Au Rez-de-chaussée, la construction proposée par Krijn de Koning s’articule autour des piliers de la salle car ils sont des éléments vers lesquels le regard revient sans cesse. Il s’agit pour Krijn de Koning de ramener ces piliers à l’intérieur de la sculpture dans une forme qui à la fois les ignore et les souligne. Ainsi cernés, les piliers perdent toute utilité, toute fonctionnalité, mais leur simple présence fait exister l’espace qui les enserre. La couleur unique unifie et densifie la sculpture. Le jeu des transparences rendu possible grâce à de larges ouvertures invite le spectateur à se déplacer et le met en situation de contempler l’espace en lui ménageant la possibilité de stations à l’intérieur de la sculpture.

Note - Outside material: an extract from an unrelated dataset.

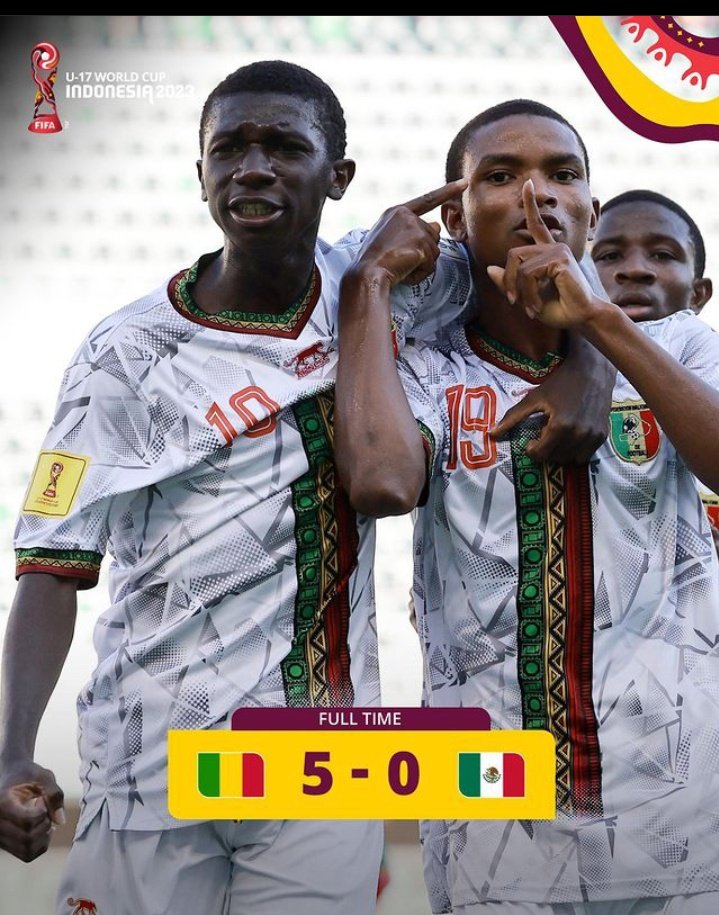 mohvmed_7's tweet photo. Nos aiglonnets s'imposent et filent en quarts de finale #U17 #FIFAWorldCup  Mali Puissanci ! https://t.co/9yJcmDMjLv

C’est là un des points singuliers du travail de Krijn de Koning : offrir à nouveau au spectateur la possibilité de s’adonner librement à la contemplation.
À l’étage, Krijn de Koning a choisi de construire une sculpture à cheval sur les deux salles. Il propose ainsi un seul espace, là où l’architecture initiale en fait deux. Parce qu’ils sont plus épais que la cloison existante, les murs de la sculpture inversent le sentiment de pérennité attaché à toute architecture « réelle ». Autrement dit, on a presque le sentiment que l’architecture du Grand Café est venu se poser par-dessus la sculpture de l’artiste. Le choix même d’inscrire la sculpture à l’intérieur de trois portes dit bien le rôle que Krijn de Koning donne à l’expérience du passage. Le passage, de l’extérieur à l’intérieur, maintes fois renouvelé dans une seule sculpture, est ce qui interdit que le rapport à l’œuvre se fasse sans l’œuvre, par l’intermédiaire d’une reproduction par exemple. En cela Krijn de Koning se démarque de nombreux sculpteurs de sa génération qui tentent « d’éparpiller » la sculpture, de l’élargir à d’autres formes. Son travail au contraire constitue en effet une sorte de « re-proclamation » de la sculpture comme élément tridimensionnel et comme procédé d’inscription dans le site.